EXERCISE OBJECTIVE:
Begin at the line containing "Thickened Flannel Lamb" and copy each line exactly through the end of the records, leaving out what comes before.

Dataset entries
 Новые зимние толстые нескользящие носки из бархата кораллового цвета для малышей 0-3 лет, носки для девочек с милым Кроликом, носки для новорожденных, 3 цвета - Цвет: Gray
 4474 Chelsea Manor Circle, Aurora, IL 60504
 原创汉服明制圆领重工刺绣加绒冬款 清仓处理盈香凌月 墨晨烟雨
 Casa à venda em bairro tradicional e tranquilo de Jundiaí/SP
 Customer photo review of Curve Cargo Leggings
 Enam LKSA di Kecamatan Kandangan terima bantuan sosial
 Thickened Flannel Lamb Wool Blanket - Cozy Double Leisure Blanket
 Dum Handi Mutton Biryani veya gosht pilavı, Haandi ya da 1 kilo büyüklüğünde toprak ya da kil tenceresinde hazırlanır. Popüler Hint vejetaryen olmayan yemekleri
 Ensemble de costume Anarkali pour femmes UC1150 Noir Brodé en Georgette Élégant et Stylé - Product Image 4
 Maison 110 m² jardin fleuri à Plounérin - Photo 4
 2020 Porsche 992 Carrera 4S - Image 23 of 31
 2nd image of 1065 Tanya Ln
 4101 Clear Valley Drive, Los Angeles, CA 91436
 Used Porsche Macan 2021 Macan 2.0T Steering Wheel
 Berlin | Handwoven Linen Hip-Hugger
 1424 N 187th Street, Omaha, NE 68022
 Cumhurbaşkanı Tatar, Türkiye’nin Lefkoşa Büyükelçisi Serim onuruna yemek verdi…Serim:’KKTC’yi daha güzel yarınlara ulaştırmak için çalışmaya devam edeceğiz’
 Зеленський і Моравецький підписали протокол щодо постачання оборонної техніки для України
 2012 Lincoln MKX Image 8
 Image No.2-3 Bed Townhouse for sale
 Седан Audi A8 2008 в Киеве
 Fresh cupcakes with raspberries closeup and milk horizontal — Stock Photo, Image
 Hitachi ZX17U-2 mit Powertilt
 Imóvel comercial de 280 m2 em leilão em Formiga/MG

EXERCISE SOLUTION:
 Thickened Flannel Lamb Wool Blanket - Cozy Double Leisure Blanket
 Dum Handi Mutton Biryani veya gosht pilavı, Haandi ya da 1 kilo büyüklüğünde toprak ya da kil tenceresinde hazırlanır. Popüler Hint vejetaryen olmayan yemekleri
 Ensemble de costume Anarkali pour femmes UC1150 Noir Brodé en Georgette Élégant et Stylé - Product Image 4
 Maison 110 m² jardin fleuri à Plounérin - Photo 4
 2020 Porsche 992 Carrera 4S - Image 23 of 31
 2nd image of 1065 Tanya Ln
 4101 Clear Valley Drive, Los Angeles, CA 91436
 Used Porsche Macan 2021 Macan 2.0T Steering Wheel
 Berlin | Handwoven Linen Hip-Hugger
 1424 N 187th Street, Omaha, NE 68022
 Cumhurbaşkanı Tatar, Türkiye’nin Lefkoşa Büyükelçisi Serim onuruna yemek verdi…Serim:’KKTC’yi daha güzel yarınlara ulaştırmak için çalışmaya devam edeceğiz’
 Зеленський і Моравецький підписали протокол щодо постачання оборонної техніки для України
 2012 Lincoln MKX Image 8
 Image No.2-3 Bed Townhouse for sale
 Седан Audi A8 2008 в Киеве
 Fresh cupcakes with raspberries closeup and milk horizontal — Stock Photo, Image
 Hitachi ZX17U-2 mit Powertilt
 Imóvel comercial de 280 m2 em leilão em Formiga/MG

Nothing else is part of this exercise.